Measuring the Cost of Shelter for Homeowners: Theoretical and Empirical Considerations
Author(s) -
Robert Gillingham
Publication year - 1983
Publication title -
the review of economics and statistics
Language(s) - English
Resource type - Journals
SCImago Journal Rank - 8.999
H-Index - 165
eISSN - 1530-9142
pISSN - 0034-6535
DOI - 10.2307/1924491
Subject(s) - economics , natural resource economics , environmental science , business
RECENT economic developments have aroused substantial interest in the treatment in the Consumer Price Index (CPI) of the cost of shelter for homeowners.' From December 1977, when the latest version of the CPI was introduced, until December 1980, the all-items CPI increased at an average annual rate of 11.6%, while the homeownership component increased at an average annual rate of 16.2%. Relative to all of the other goods and services in the CPI, the homeownership component has increased by 17.5% over the same time period. If the relative price of homeownership had remained constant the growth rate of the CPI would have been reduced to 10.1%. The question which has been raised is whether the rapid relative increase in the homeownership component, which has had such an important impact on the CPI, truly reflects changes in the cost of shelter. This question is not only important, but difficult, encompassing many subsidiary questions and auxiliary issues.

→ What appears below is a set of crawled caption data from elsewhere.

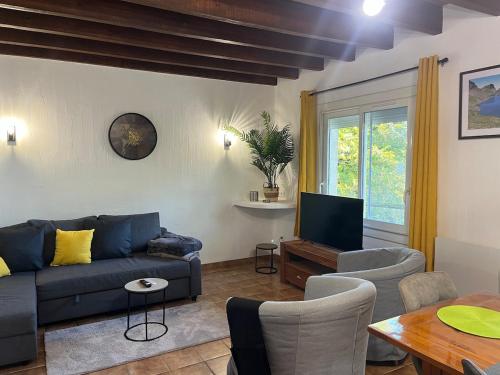 Sur les hauteurs de Labroquère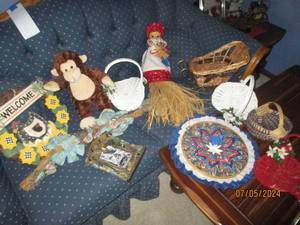 lot 106 image: Wicker and faux floral wreath, swag, basket and other home decor lot
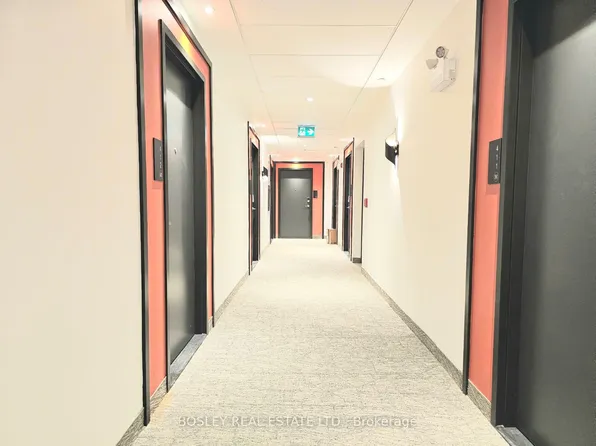 312 Erb St W, Waterloo, ON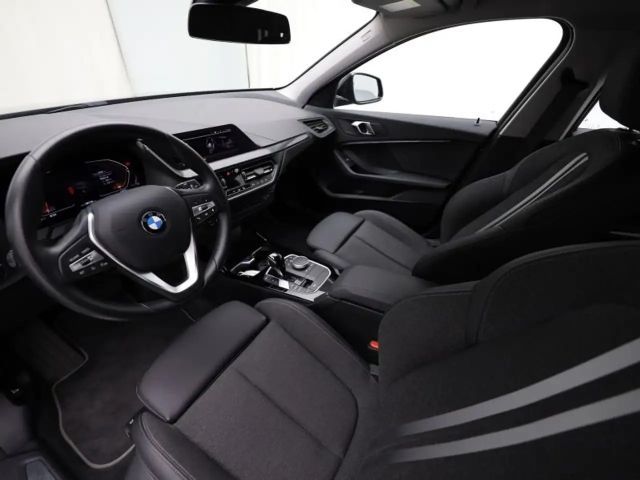 BMW 116 Sedan Sport Line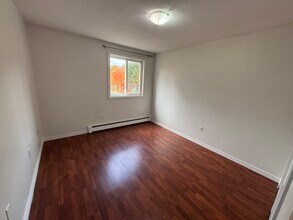 225 Old Carriage Dr in Kitchener, ON - Building Photo - Building Photo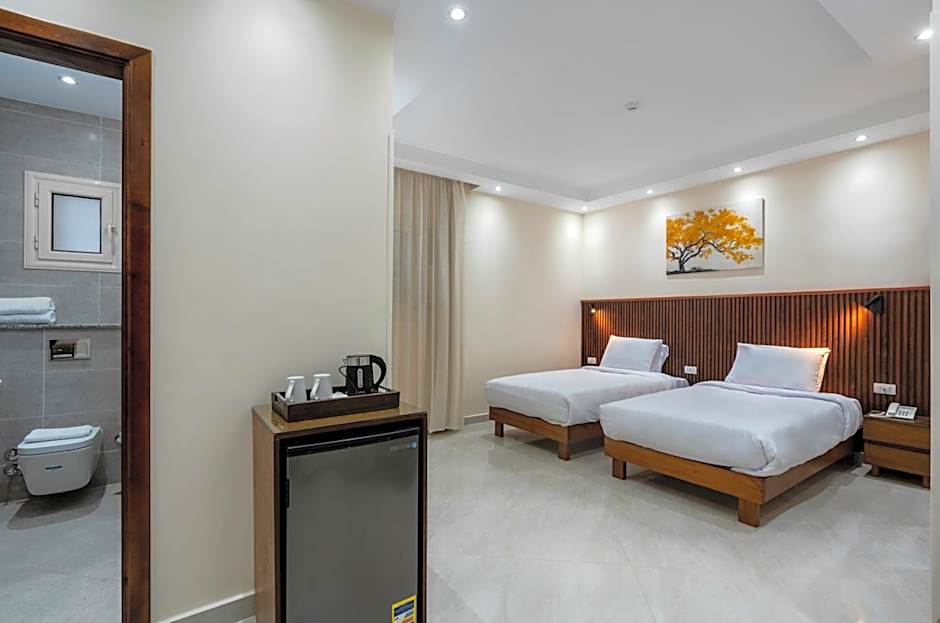 Dream Inn Pyramids View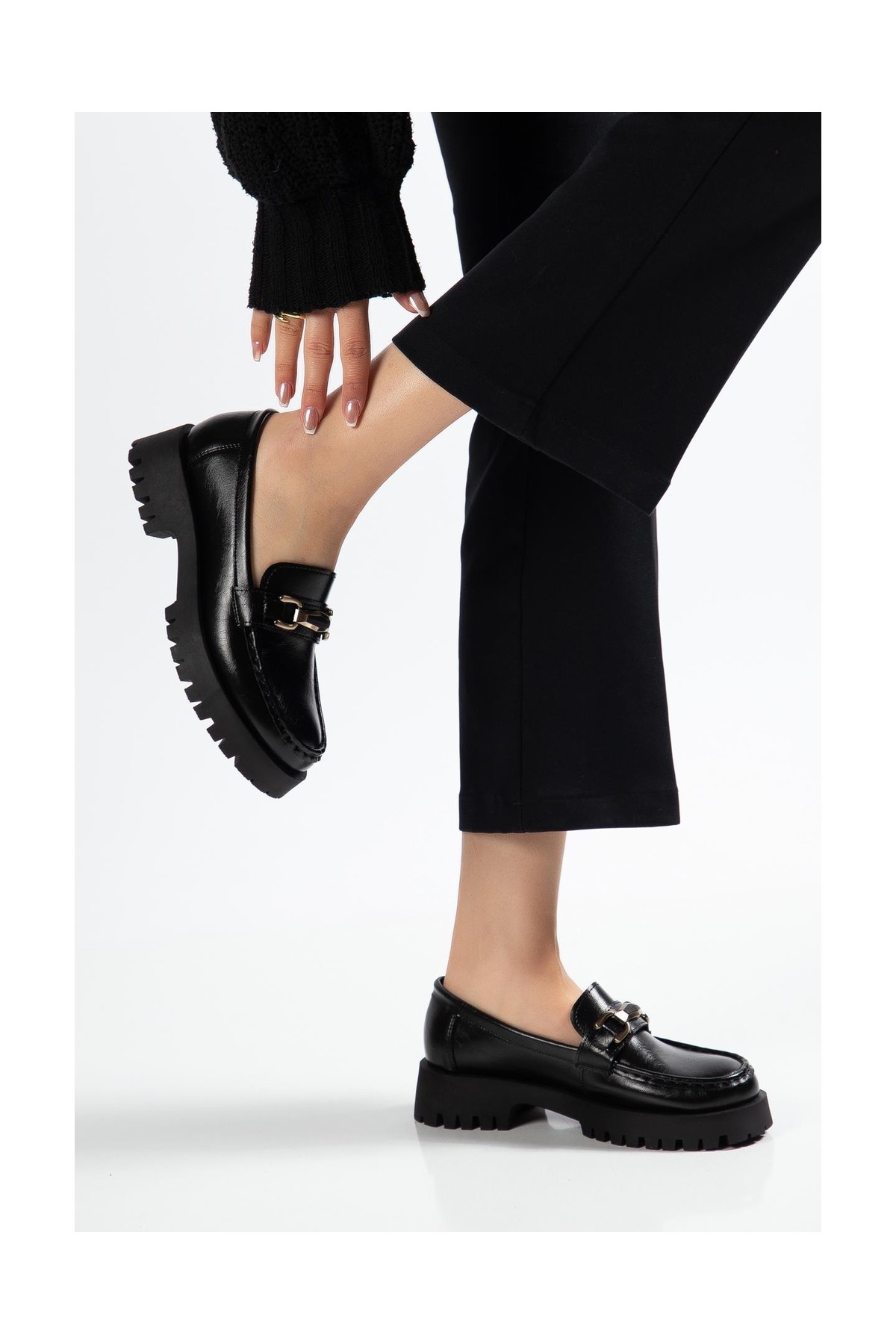 Suins Shoes Suins Premium Renata Model Toka Detaylı Kadın Siyah Ten Loafer Ayakkabı görsel 8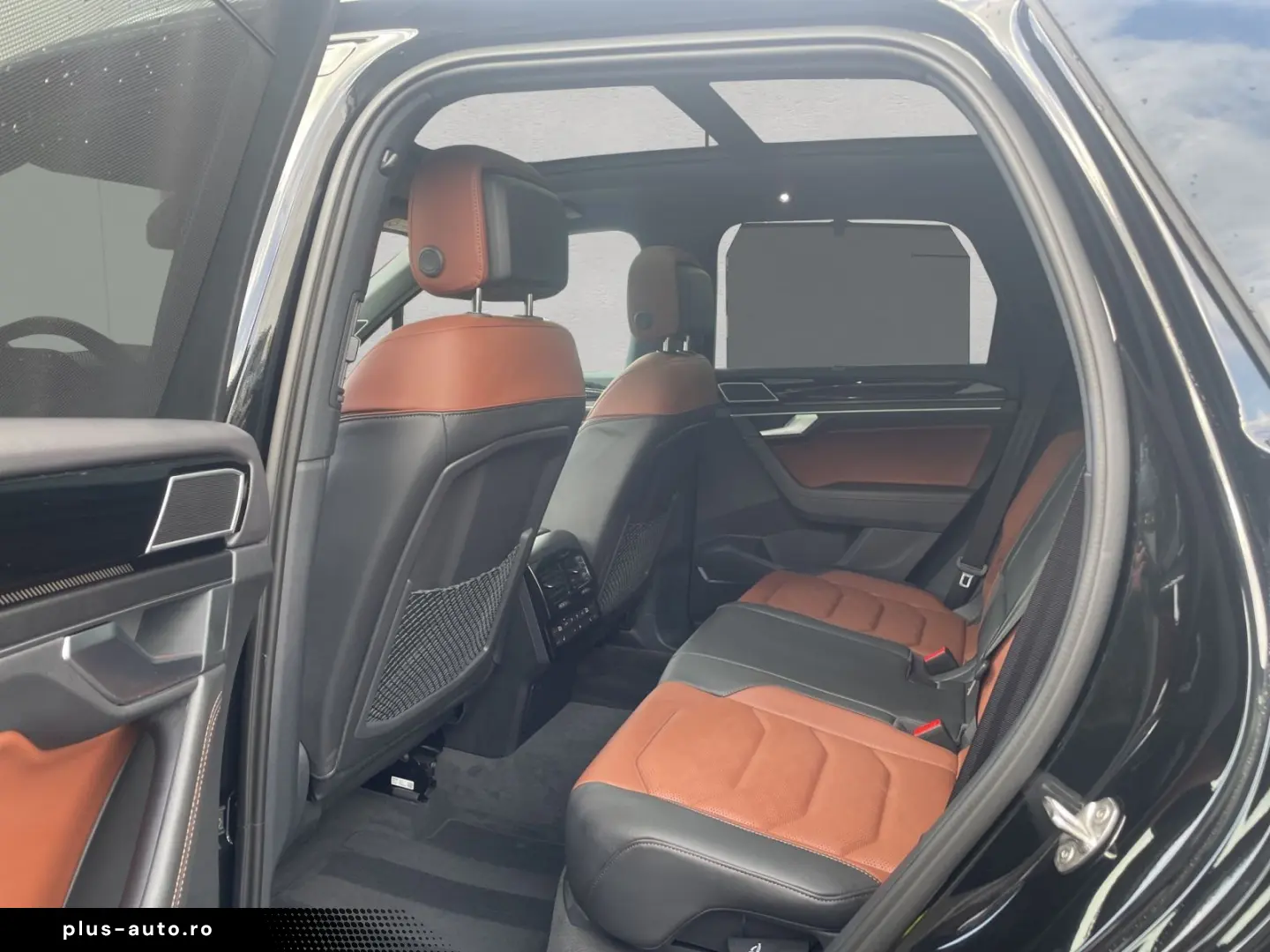 VW Touareg 3.0 TDI Tip. R-Line AHK Pano Standheiz.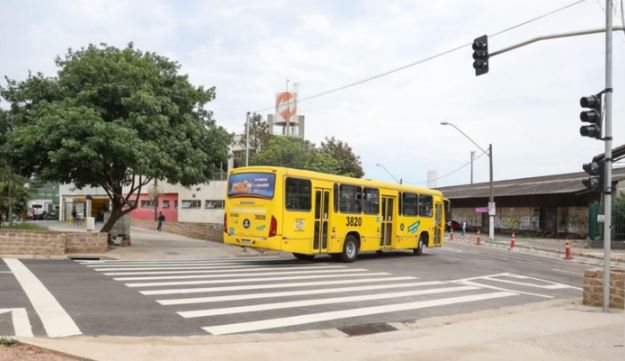Adolescente morre após ser espancado em ponto de ônibus
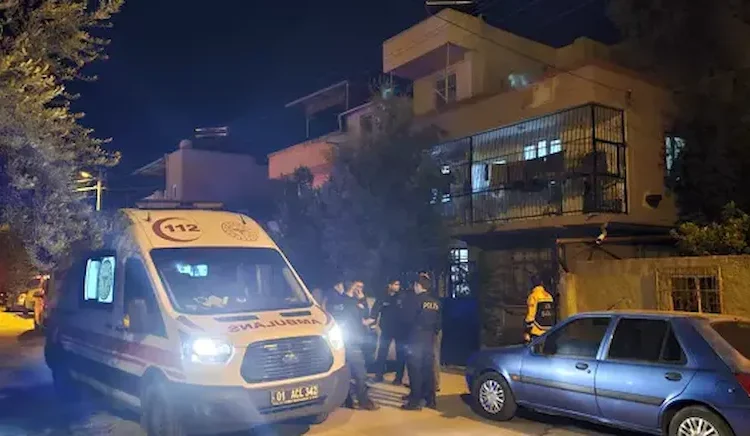 Annesini, babasını ve anneannesini uyurken başlarından vurdu 1 Annesini, babasını ve anneannesini uyurken başlarından vurdu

The purposes of this paper are threefold: (1) to outline briefly a conceptual framework for the CPI, which leads to a straightforward specification of what the shelter component of the CPI should measure, (2) to evaluate the theoretical properties of alternative procedures designed to approximate this measurement objective and (3) present empirical evidence on the operational difficulties involved in pursuing a new approach to shelter cost measurement. Two main conclusions are reached. First, on both theoretical and empirical grounds, a "rental equivalence" approach to measuring shelter costs for owner-occupants is preferred. Second, an estimated rental equivalence measure has grown more slowly over (at least) the past six years, than the official CPI homeownership component. Given the way in which the CPI is used to escalate both private and public expenditures, these results demonstrate that the choice of measurement technique has important distributional implications.